__Requirement__
Only an exact repetition of all the entries will be accepted.

__The records__

----------------------------------------

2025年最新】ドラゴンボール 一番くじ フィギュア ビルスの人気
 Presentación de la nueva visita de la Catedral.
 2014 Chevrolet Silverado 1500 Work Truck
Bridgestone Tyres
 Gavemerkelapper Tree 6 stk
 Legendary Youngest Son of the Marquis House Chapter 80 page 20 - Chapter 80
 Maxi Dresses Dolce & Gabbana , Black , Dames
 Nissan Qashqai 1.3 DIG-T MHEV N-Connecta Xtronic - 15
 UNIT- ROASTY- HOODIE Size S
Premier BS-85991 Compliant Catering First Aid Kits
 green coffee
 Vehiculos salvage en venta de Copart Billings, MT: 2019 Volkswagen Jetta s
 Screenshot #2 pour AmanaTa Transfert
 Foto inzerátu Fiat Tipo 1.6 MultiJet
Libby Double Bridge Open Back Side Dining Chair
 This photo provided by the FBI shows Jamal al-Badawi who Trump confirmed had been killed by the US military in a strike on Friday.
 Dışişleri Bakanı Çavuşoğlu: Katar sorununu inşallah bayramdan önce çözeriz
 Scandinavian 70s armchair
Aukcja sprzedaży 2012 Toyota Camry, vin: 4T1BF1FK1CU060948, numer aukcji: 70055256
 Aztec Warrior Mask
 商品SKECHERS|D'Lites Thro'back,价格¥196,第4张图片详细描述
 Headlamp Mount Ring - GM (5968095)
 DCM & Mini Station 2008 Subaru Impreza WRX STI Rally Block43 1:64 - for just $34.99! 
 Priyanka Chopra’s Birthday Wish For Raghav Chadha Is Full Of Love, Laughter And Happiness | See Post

----------------------------------------

__Response to this task__
2025年最新】ドラゴンボール 一番くじ フィギュア ビルスの人気
 Presentación de la nueva visita de la Catedral.
 2014 Chevrolet Silverado 1500 Work Truck
Bridgestone Tyres
 Gavemerkelapper Tree 6 stk
 Legendary Youngest Son of the Marquis House Chapter 80 page 20 - Chapter 80
 Maxi Dresses Dolce & Gabbana , Black , Dames
 Nissan Qashqai 1.3 DIG-T MHEV N-Connecta Xtronic - 15
 UNIT- ROASTY- HOODIE Size S
Premier BS-85991 Compliant Catering First Aid Kits
 green coffee
 Vehiculos salvage en venta de Copart Billings, MT: 2019 Volkswagen Jetta s
 Screenshot #2 pour AmanaTa Transfert
 Foto inzerátu Fiat Tipo 1.6 MultiJet
Libby Double Bridge Open Back Side Dining Chair
 This photo provided by the FBI shows Jamal al-Badawi who Trump confirmed had been killed by the US military in a strike on Friday.
 Dışişleri Bakanı Çavuşoğlu: Katar sorununu inşallah bayramdan önce çözeriz
 Scandinavian 70s armchair
Aukcja sprzedaży 2012 Toyota Camry, vin: 4T1BF1FK1CU060948, numer aukcji: 70055256
 Aztec Warrior Mask
 商品SKECHERS|D'Lites Thro'back,价格¥196,第4张图片详细描述
 Headlamp Mount Ring - GM (5968095)
 DCM & Mini Station 2008 Subaru Impreza WRX STI Rally Block43 1:64 - for just $34.99! 
 Priyanka Chopra’s Birthday Wish For Raghav Chadha Is Full Of Love, Laughter And Happiness | See Post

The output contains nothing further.